The story so far...
Before diving into the Fellowship - a little about how I ended up here.
The early months of the COVID-19 pandemic provided both the opportunity and impetus to explore options for hosting our digital assets online, reuniting collections and researchers in a virtual space. In the world of remote work and study, a digital repository was no longer a ‘nice-to-have’ but ‘need-to-have’. However, in a model of bad timing, our repository had been decommissioned shortly before the pandemic began, and the tender process for a new one had ground to a halt in the disruption that followed. We needed a back-up plan.
Many of our collections had been photographed over the years, and so even though I was working at a makeshift desk in my bedroom, I had remote access to the images via OneDrive. So far so good. The metadata was another matter. Many of our images had been supplied for digitisation projects led by partner institutions, such as the National Library of Wales. Filenames and metadata had been supplied to project partners in accordance with their specifications, rather than internal protocols. These requirements tended to change on a project-by-project basis, leaving us with inconsistent, incomplete, and non-interoperable metadata. Even if I could find a place to host the images, there would be a huge amount of work required behind the scenes to reconcile the metadata. I consoled myself that, in the short term, access was still available via those partner projects - or was it?!
In the first few weeks of lockdown, myself and my colleagues scrambled to develop a resource guide for digital primary sources, to help our final year humanities students who had been abruptly cut off from access to archives just as their dissertation deadlines were looming. While compiling our guide, I discovered that one major collaborative digital project we had submitted content to was no longer live or accessible. It was time to audit of all our digital content and metadata, and search for free, temporary accommodation - fast.
The Internet Archive came to the rescue. Perhaps more well known for archiving websites, the Internet Archive can also host copies of books and archives, provided that an institution is willing to license their content for public access. If your files are named systematically and incrementally, they can be uploaded with some basic metadata, and the Internet Archive will do the rest, for free.
Free, yes, but not necessarily fast. All those image files needed renaming, for one thing. And via the web interface, it was only possible to upload one digital object at a time. I had hundreds… A little googling revealed some documentation about batch ingesting using python via the command line. This could be the answer, if only I could penetrate the developer-speak in which the guidance was written. The only thing I knew about python was that it could be used to make bulk changes to files. Could it also help me systematically change all those filenames? It was time to get under the hood.
I was defeated at the first hurdle. Batch uploading to the Internet Archive required a ‘Unix-like environment’. Whatever this was, Windows didn’t have it, and I was reluctant to attempt to create a Linux partition on the hard drive of my elderly laptop, brought out of semi-retirement for what I thought would be a brief period of home-working. I succumbed to a long-held temptation, and acquired a Raspberry Pi. These tiny, budget computers are able to run anything that requires Linux, and fast.
To cut a long story short, I indulged in a few weeks of testing and trialling my now toy, amid MUCH googling, until I had written simple python scripts to batch change all of our image filenames, and connected our image folders with our Internet Archive account via the command line. Next came an epic spreadsheet of metadata, and finally, hours of overnight uploads, as Internet Archive ingested all our collections. I’ve documented the nuts and bolts of these processes elsewhere, and in the interim a similar resource has been developed by SUCHO (Saving Ukrainian Cultural Heritage Online), which is leveraging the Internet Archive to swiftly rescue and secure archives threatened by war in Ukraine.
Following this work, I gave presentations at conferences about my experiences of using the Internet Archive to do digital ‘on a shoestring’. I realised the level of interest from other institutions, and began to wish I had more time to dedicate to researching free tools, and sharing them with others.

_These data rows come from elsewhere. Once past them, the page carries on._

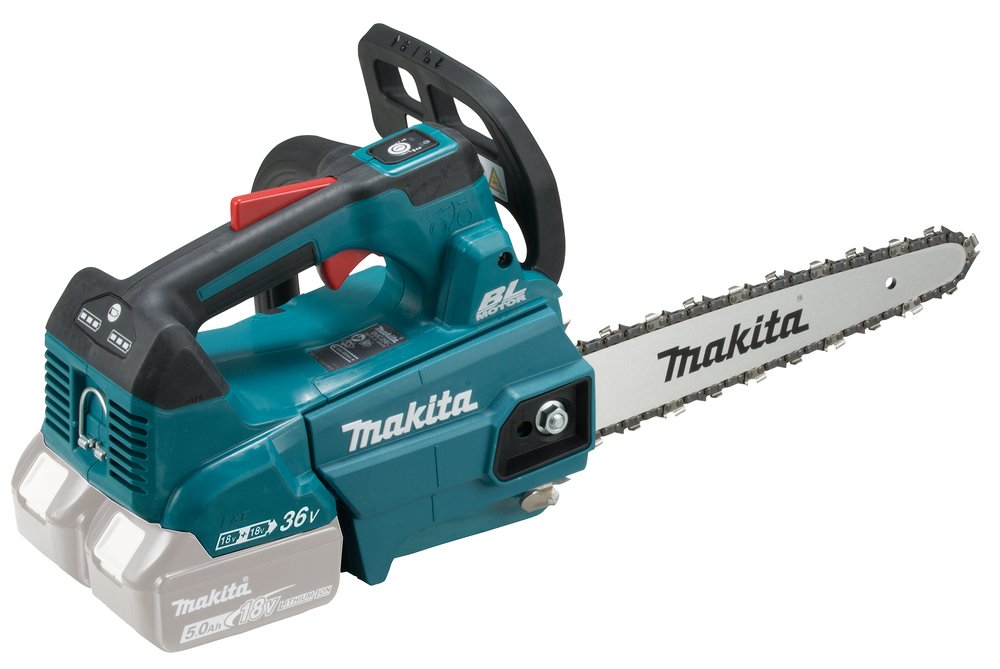 Makita Akku-Motorsäge DUC256Z ohne Akku und Ladegerät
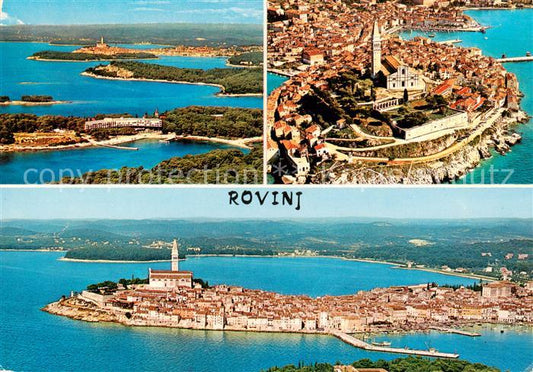 73860824 Rovinj Rovigno Istrien Croatia Fliegeraufnahmen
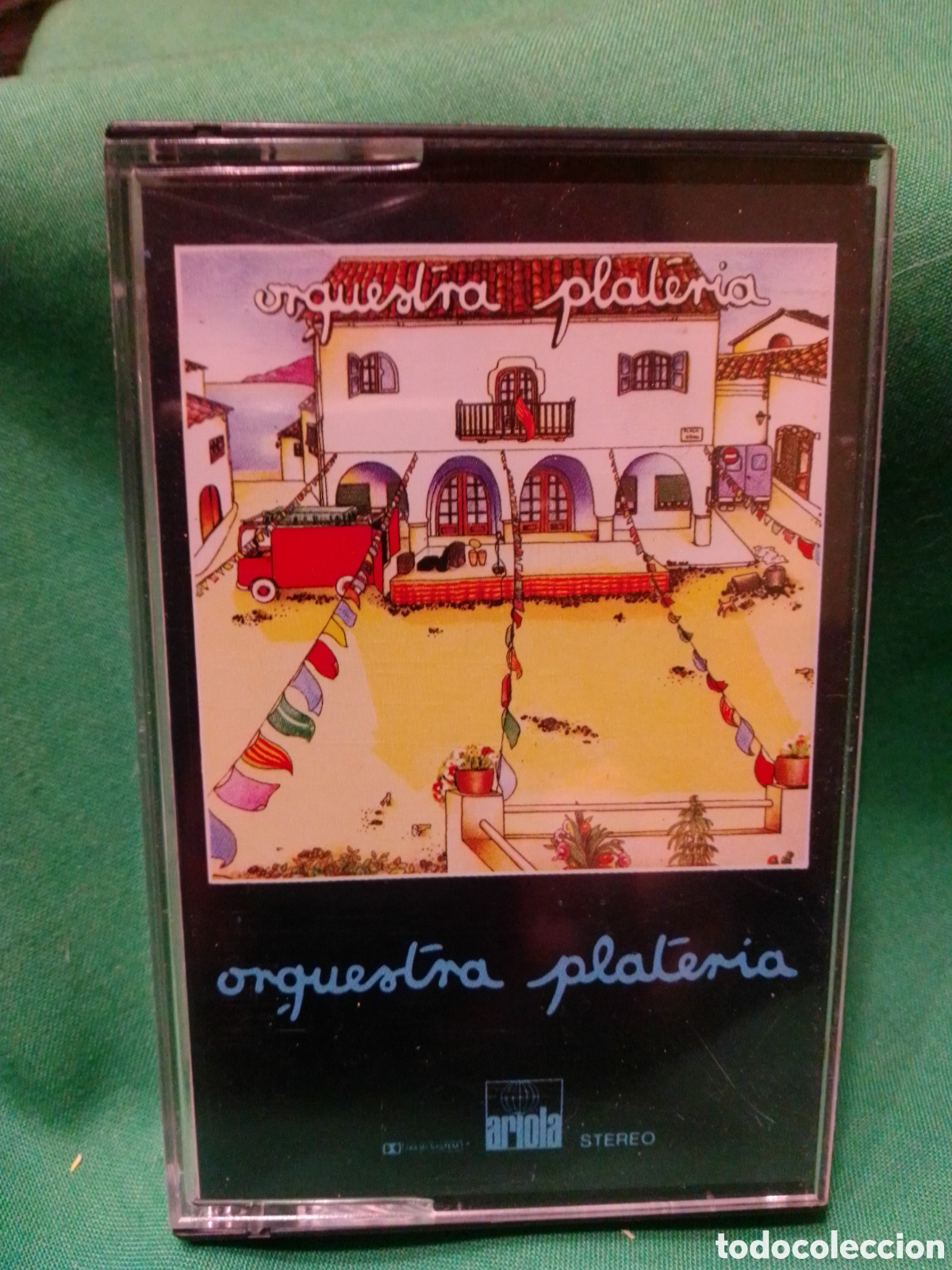 Casetes antiguos: CINTA CASSETTE- ORQUESTRA PLATERIA - Foto 1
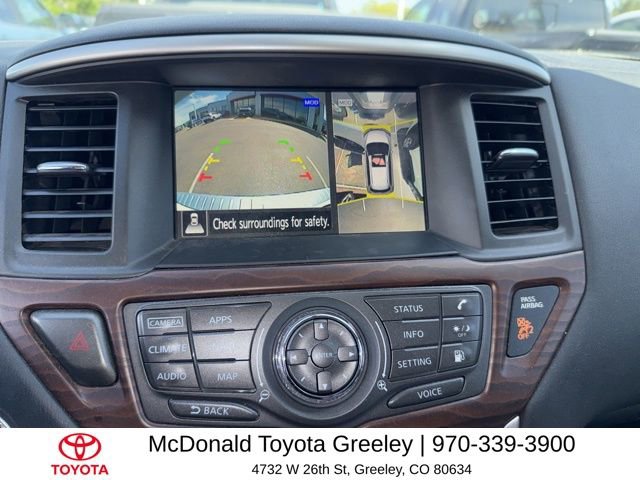 Used 2020 Nissan Pathfinder Platinum AWD/4WD image 8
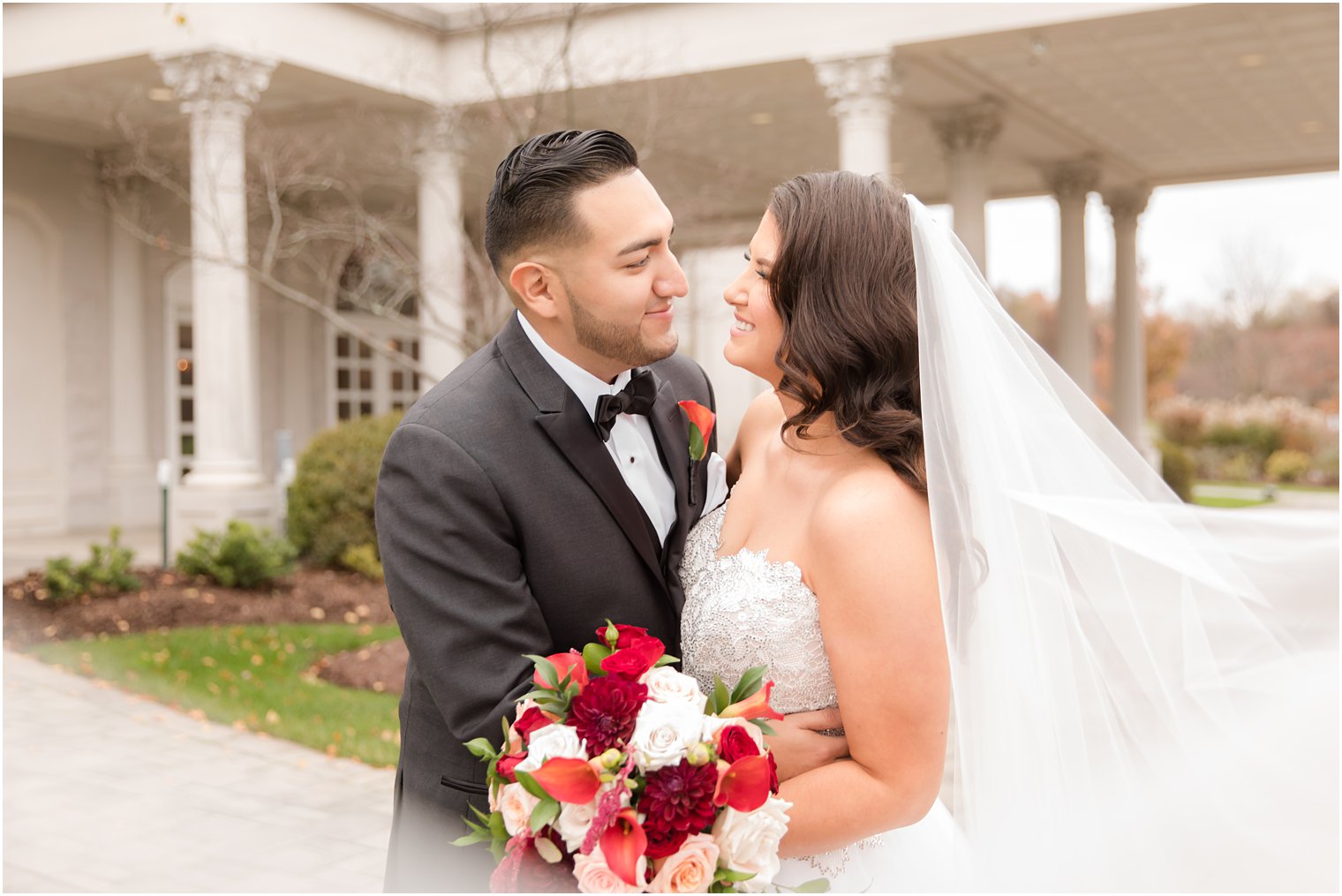 New Jersey wedding day portraits with Idalia Photography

When the call came around for the RLUK-AHRC Professional Practice Fellowships, my application wrote itself. This was the opportunity I’d been looking for to build on the skills and knowledge I’d been able to acquire during the pandemic’s disruption to business-as-usual. For all the anxiety and uncertainty of this time, it provided a unique chance, as individuals and as organisations, to review and reassess our direction and priorities.
Putting our collections on the Internet Archive achieved far more than just making them accessible remotely. It showed our stakeholders what we could offer, and helped to build a case for internal investment. Cardiff University subsequently acquired a subscription for Alma Digital, an Ex Libris product, and I was able to lead its implementation, configuration, and deployment. Alma Digital is IIIF-enabled - more on this in a future post - and we are only just beginning to scratch the surface of its potential. Among other outputs, the Fellowship will provide the opportunity to review researchers’ requirements and aspirations for existing and future digital archives, and test the capability of our new digital repository to support these needs.